I weigh 350 pounds.

There.  I put it in writing.

It’s not the first time I’ve said it but I believe it’s the first time I’ve written it down.  It seems to give it more power somehow.  More gravity.  When I reference my weight in public, it’s generally in a self-deprecating manner.  Like many fat people, I use humor to manage my public image.

It works.

It is amazing to me just how many people confuse bravado with self-confidence, arrogance or ego-mania.  It developed, as did so many other things, within the structure of my family.  My mother’s family.

You know, some of us spend a great deal of time as adults excusing the adults who shaped our lives.  If we are thoughtful, we try to learn about them, what shaped their lives, their motivations, hurts, disappointments, shattered dreams.  We learn (and it is important to learn) that for most, their intention was good.  They were trying to shepherd us into adulthood “the best way they knew.”

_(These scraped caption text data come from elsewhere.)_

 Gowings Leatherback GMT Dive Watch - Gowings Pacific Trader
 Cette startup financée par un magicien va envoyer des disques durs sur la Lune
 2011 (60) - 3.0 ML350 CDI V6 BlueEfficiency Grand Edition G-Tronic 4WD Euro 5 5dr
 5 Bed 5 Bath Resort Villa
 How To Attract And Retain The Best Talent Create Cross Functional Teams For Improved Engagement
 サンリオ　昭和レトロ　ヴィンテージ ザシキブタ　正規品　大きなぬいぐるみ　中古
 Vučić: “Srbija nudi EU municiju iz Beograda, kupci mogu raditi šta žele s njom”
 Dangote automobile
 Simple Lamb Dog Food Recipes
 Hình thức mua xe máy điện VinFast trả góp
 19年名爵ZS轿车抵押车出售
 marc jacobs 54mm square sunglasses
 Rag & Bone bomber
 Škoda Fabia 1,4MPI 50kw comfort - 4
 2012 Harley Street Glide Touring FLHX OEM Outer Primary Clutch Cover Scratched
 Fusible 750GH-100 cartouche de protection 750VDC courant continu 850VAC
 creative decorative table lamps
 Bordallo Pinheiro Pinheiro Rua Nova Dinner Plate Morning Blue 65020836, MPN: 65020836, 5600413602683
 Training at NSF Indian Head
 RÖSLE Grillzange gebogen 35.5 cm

What I have discovered, though, is to be careful.  If we are not, we end up attaching those same excuses to our own behaviour.  This type of thinking helps create and maintain the cycle of personal and familial dysfunction.

Good intentions make a great many mistakes and perpetrate a great many atrocities.

I have heard and read and seen enough to understand that I can learn a better way than the way I was taught.  I will not let myself accept the excuse that “it’s all I know.”  If what I know is incomplete with the potential for harm, then as a human being I owe it to myself and the world to find another way.

I have been, I think, substantially successful in finding these new strategies in parenting.  My son will not grow up experiencing the spiritual abuse which was so common in my family.  Oh, I am sure some will get through.  He’s unique and I can’t control all aspects of his life – people, some within his family, would rather see that uniqueness hammered into conformity.  I am doing my best to keep that from happening to him.  So far, so good.  (Mostly).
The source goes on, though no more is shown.